Keywords: Image Generation, Freehand Sketches
Abstract: Recent years have witnessed remarkable progress in generative AI, with natural language emerging as the most common conditioning input. As underlying models grow more powerful, researchers are exploring increasingly diverse conditioning signals -- such as depth maps, edge maps, camera parameters, and reference images -- to give users finer control over generation. Among different modalities, sketches constitute a natural and long-standing form of human communication, enabling rapid expression of visual concepts. Yet algorithms that effectively handle true freehand sketches -- with their inherent abstraction and distortions -- remain largely unexplored.

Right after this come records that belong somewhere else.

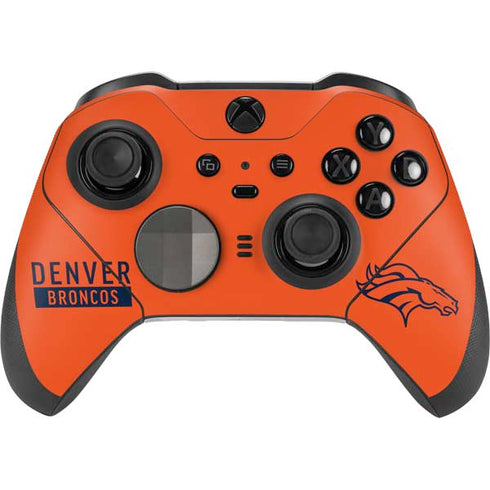 NFL Denver Broncos Orange Performance Series Xbox Elite Wireless Controller Series 2 Skin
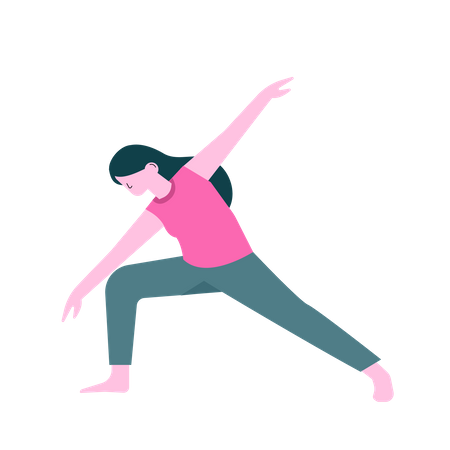 Free Girl doing yoga Illustration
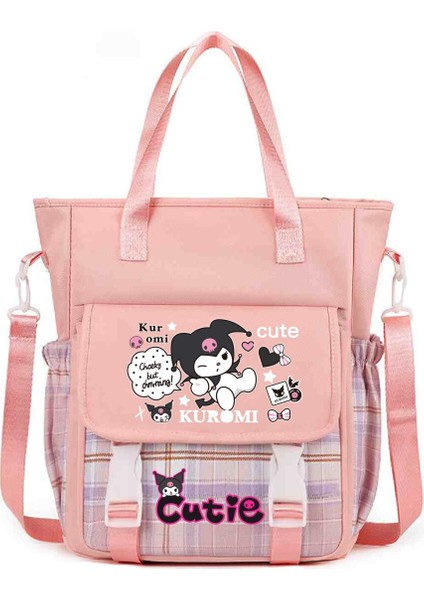 Çapraz Askılı Çanta Öğrenciler Sınıf Yükleme Kitapları Tote Büyük Çanta Omuz Makyaj Çantası Sevimli Karikatür Baskı Çapraz Askılı Çanta (Yurt Dışından)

In this work, we distinguish between edge maps, often regarded as “sketches” in the literature, and genuine freehand sketches. We pursue the challenging goal of balancing photorealism with sketch adherence when generating images from freehand input. A key obstacle is the absence of ground-truth, pixel-aligned images: by their nature, freehand sketches do not have a single correct alignment. To address this, we propose a modulation-based approach that prioritizes semantic interpretation of the sketch over strict adherence to individual edge positions. We further introduce a novel loss that enables training on freehand sketches without requiring ground-truth pixel-aligned images. We show that our method outperforms existing approaches in both semantic alignment with freehand sketch inputs and in the realism and overall quality of the generated images.